To square the tiles 3, the angle of rotation of the workpiece-bearing device 2 between one work phase and a next is 90°.
The workpiece-bearing device 2 is so shaped and realized as to permit positioning and gripping of an orderly stack of matching tiles.
A further embodiment of the invention includes a change in the location of the drive heads on which the tools are mounted and consequently, a change in the reciprocal location of the platform carrying the workpiece-bearing devices. In this embodiment, the drive heads are stationary with respect to the frame while the forward movement is transmitted to the platform or to each single workpiece-bearing device which in turn are set in motion along suitably arranged slideways.

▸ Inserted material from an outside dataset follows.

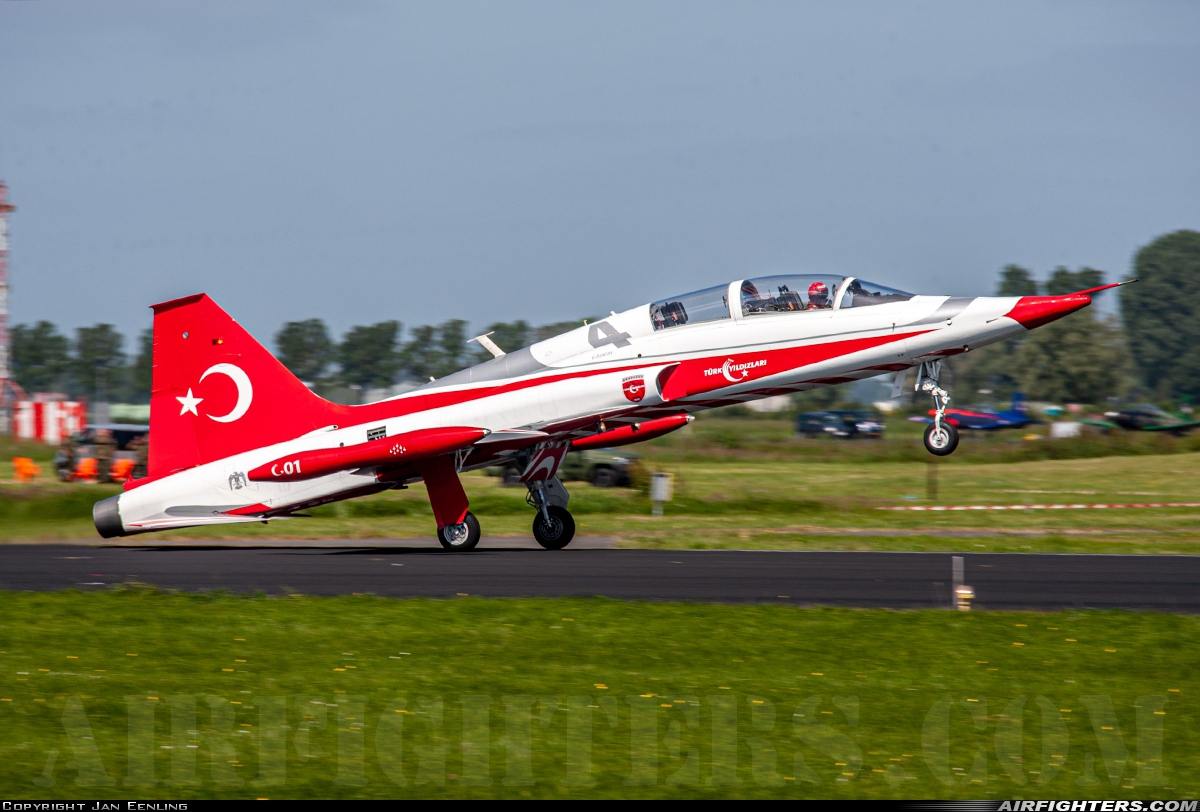Türkiye - Air Force Canadair NF-5B-2000 (CL-226) 69-4001 at Leeuwarden (LWR / EHLW), Netherlands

With this invention it is possible to carry out the sizing and squaring of the tiles with geometrical precision thanks to the possibility of working the stacked tiles simultaneously. A further consequence is an increase in production speed. For this reason, the present invention can be easily incorporated into a tile production line.
A further advantage of the invention is its versatility thanks to which the machine can be used to work tiles or other slabs which are neither square nor rectangular. From the structure disclosed above, it follows that the invention can made tiles or slabs which are polygonal: for example, triangular, sexagonal, or hexagonal.
Yet another advantage of the invention is its structural resistance to wear on mechanical couplings and components which is due to the presence of very fine particles of very hard materials which develop during the working of the machine.